#### Given records ####
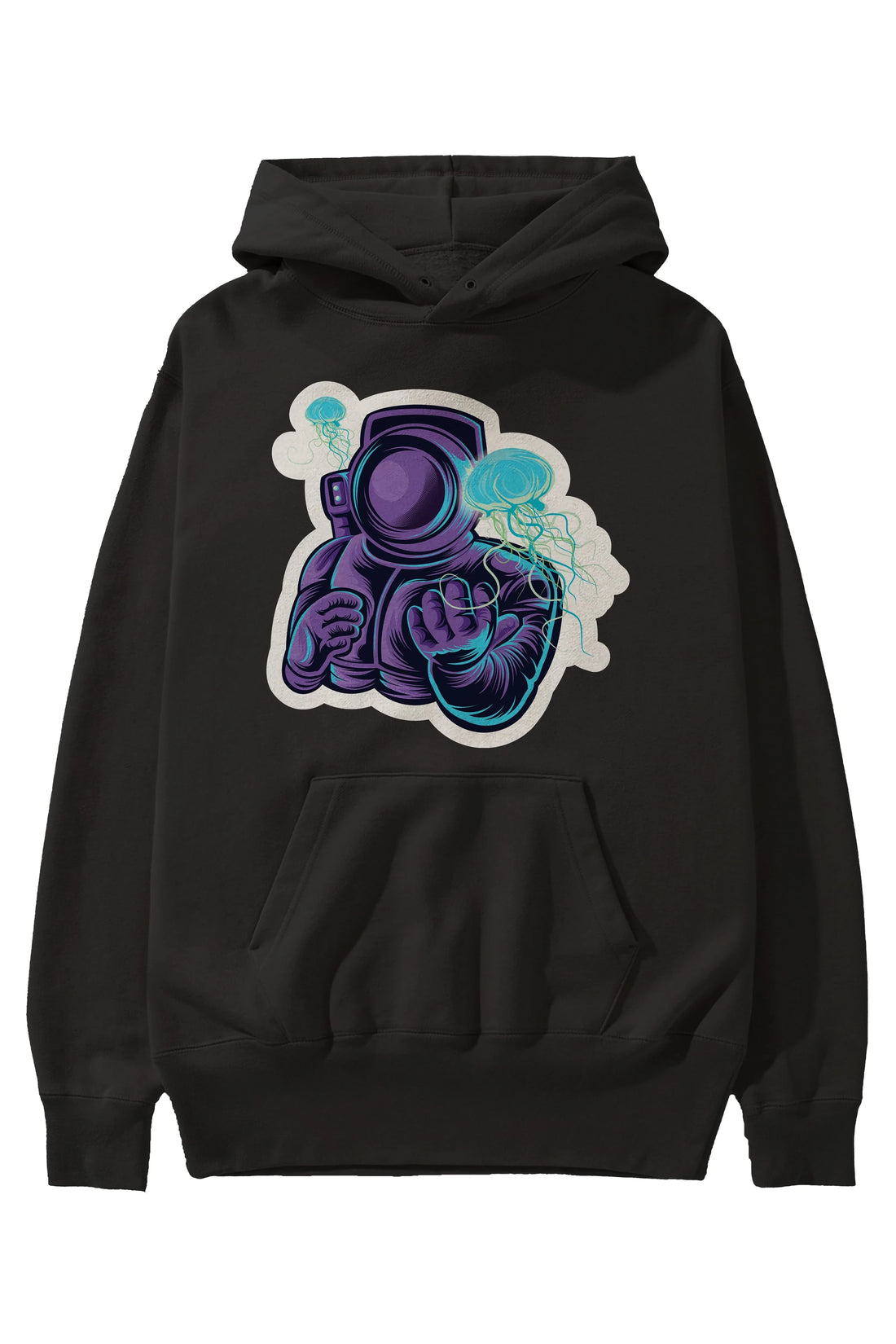 Astronaut and Jellyfish Sticker Ön Baskılı Hoodie Oversize Kapüşonlu Sweatshirt Erkek Kadın Unisex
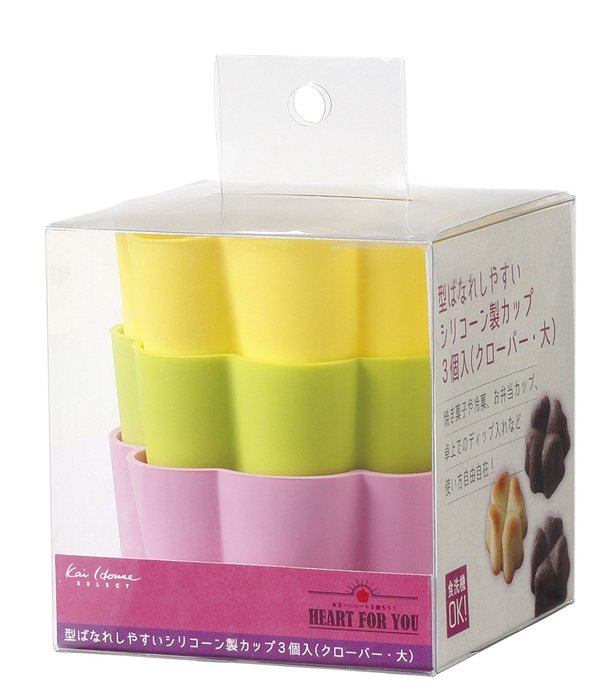 Baked goods type Kai silicone cup 3 pieces clover kai House SELECT N2
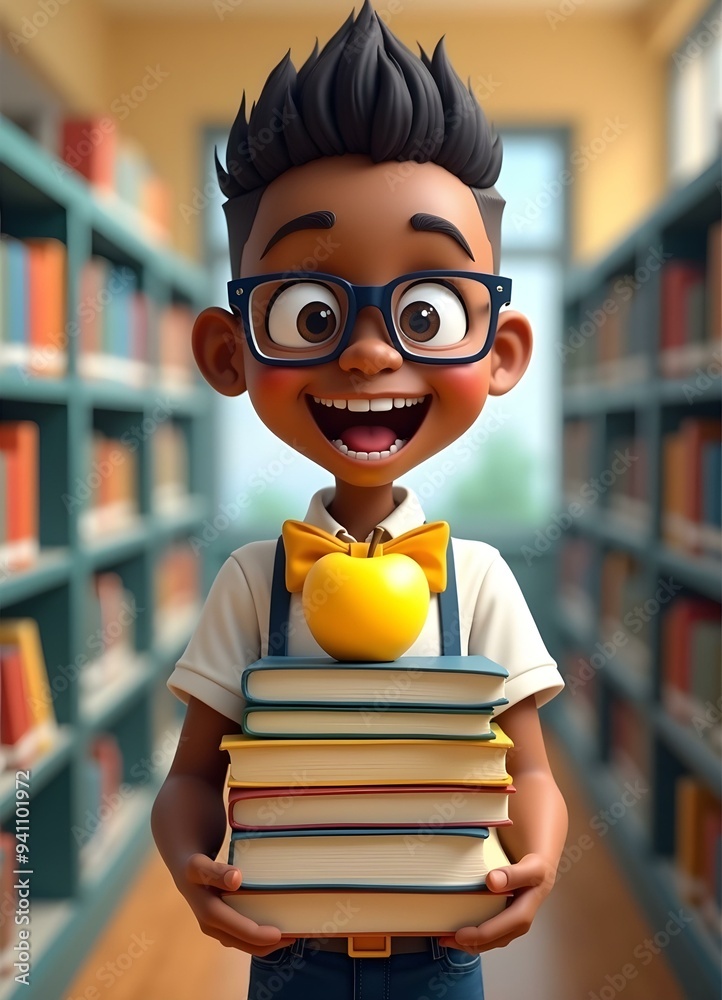 Smart Schoolboy with Books and Apple Smart Schoolboy with Books and Apple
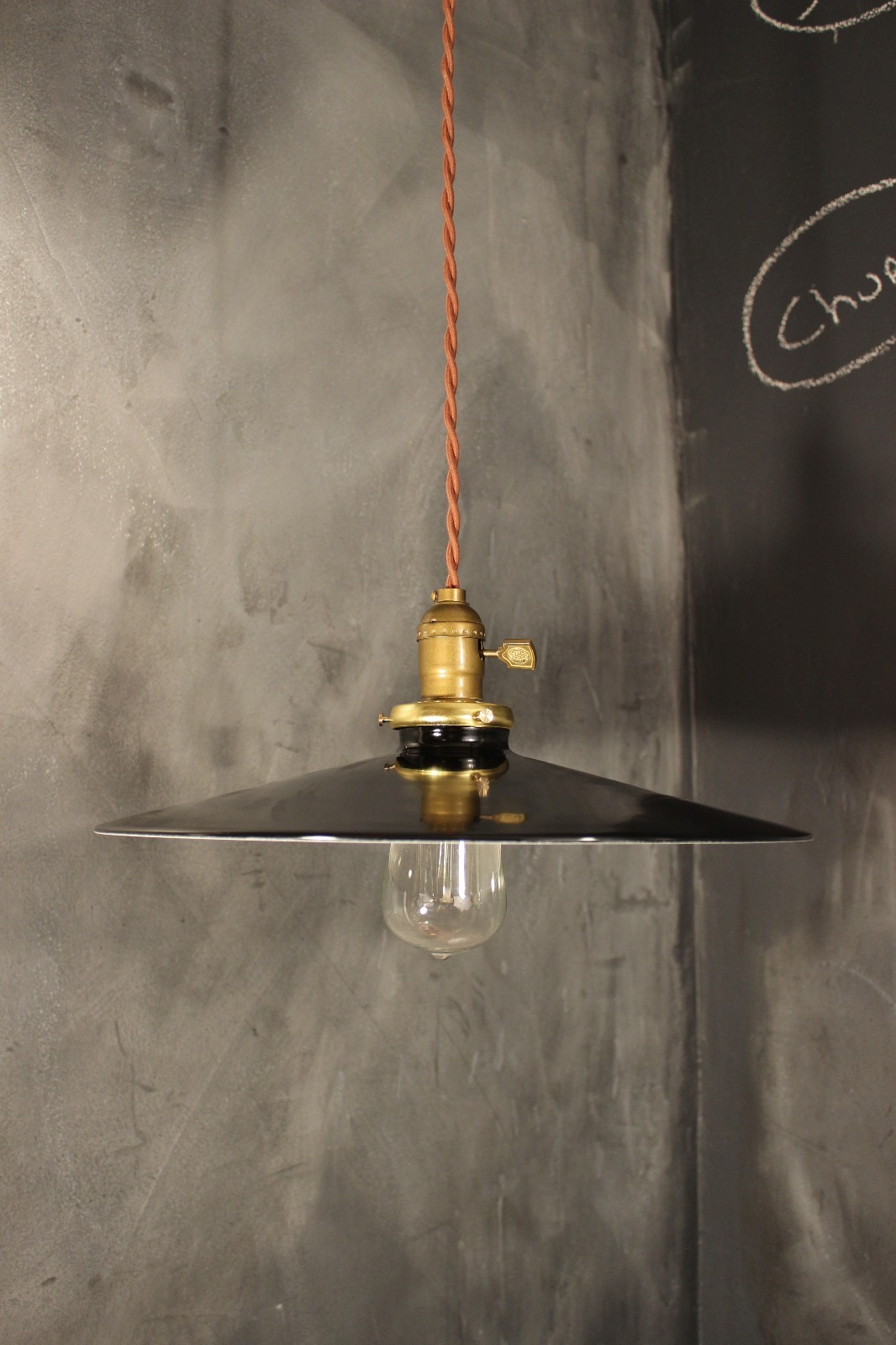 Vintage Industrial Pendant Light with Flat Steel Lamp Shade - Large 14" Diam.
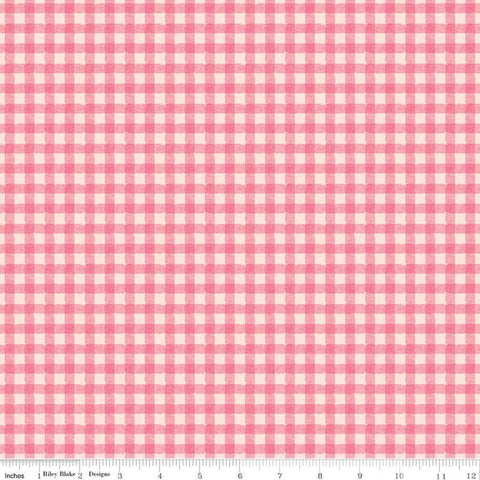 32" End of Bolt - SALE Strength in Pink PRINTED Gingham C12624 Blush - Riley Blake Designs - Breast Cancer Plaid - Quilting Cotton Fabric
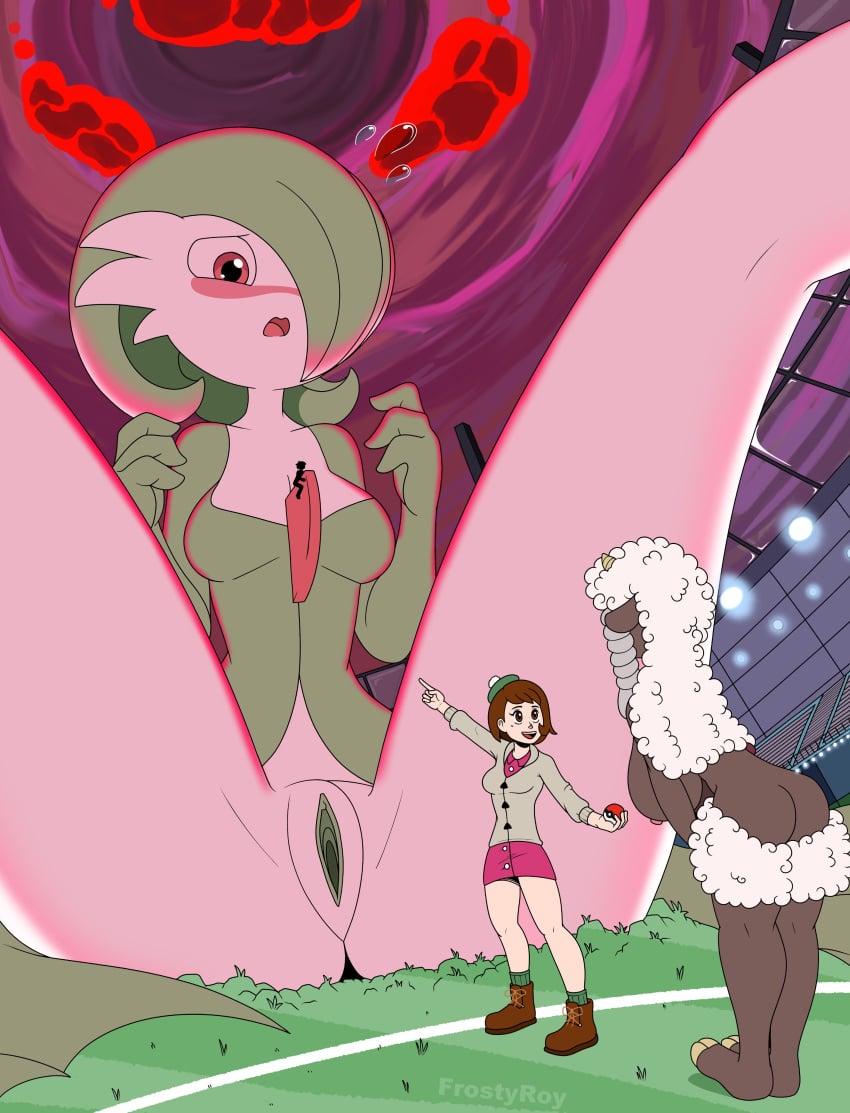 anthro blush dynamax dynamax_pokemon frosty_roy furry gardevoir generation_3_pokemon generation_8_pokemon giantess gigantamax gigantamax_pokémon gloria_(pokemon) humanoid pointing pokémon_(species) pokemon pokemon_(species) pussy sheep_girl spread_legs stadium wooloo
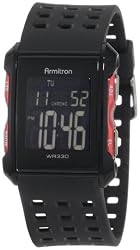 Armitron Men's 408177RED Chronograph Black and Red Digital Sport Watch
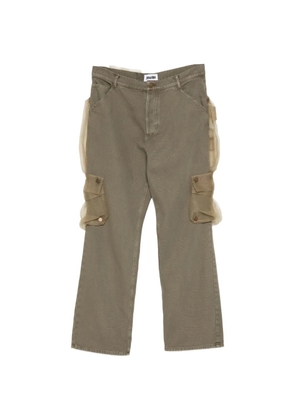 Magliano tulle-overlay cargo pants - Green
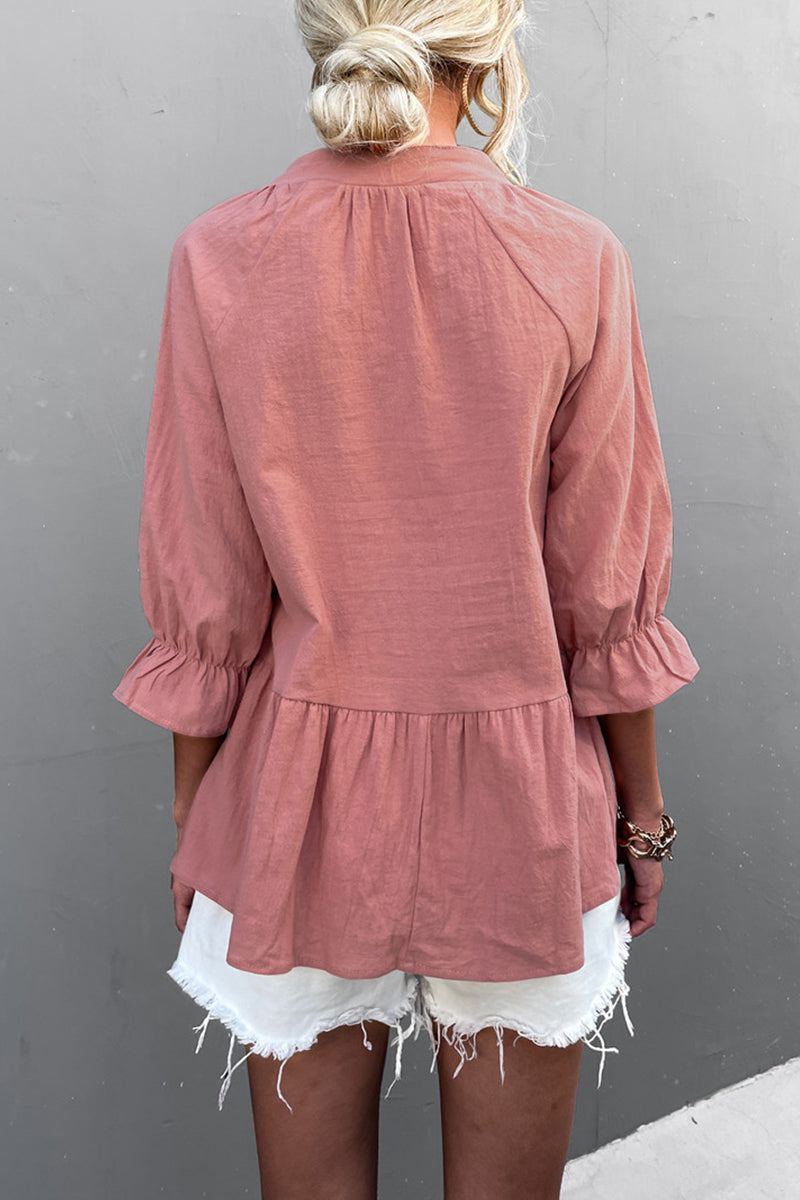 Kaynafashions - Casual Solid Flounce Fold V Neck Tops(5 Colors)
####
Directions
Text only, no pictures: copy every entry exactly.

Task answer
 Astronaut and Jellyfish Sticker Ön Baskılı Hoodie Oversize Kapüşonlu Sweatshirt Erkek Kadın Unisex
 Baked goods type Kai silicone cup 3 pieces clover kai House SELECT N2
 Smart Schoolboy with Books and Apple Smart Schoolboy with Books and Apple
 Vintage Industrial Pendant Light with Flat Steel Lamp Shade - Large 14" Diam.
 32" End of Bolt - SALE Strength in Pink PRINTED Gingham C12624 Blush - Riley Blake Designs - Breast Cancer Plaid - Quilting Cotton Fabric
 anthro blush dynamax dynamax_pokemon frosty_roy furry gardevoir generation_3_pokemon generation_8_pokemon giantess gigantamax gigantamax_pokémon gloria_(pokemon) humanoid pointing pokémon_(species) pokemon pokemon_(species) pussy sheep_girl spread_legs stadium wooloo
 Armitron Men's 408177RED Chronograph Black and Red Digital Sport Watch
 Magliano tulle-overlay cargo pants - Green
 Kaynafashions - Casual Solid Flounce Fold V Neck Tops(5 Colors)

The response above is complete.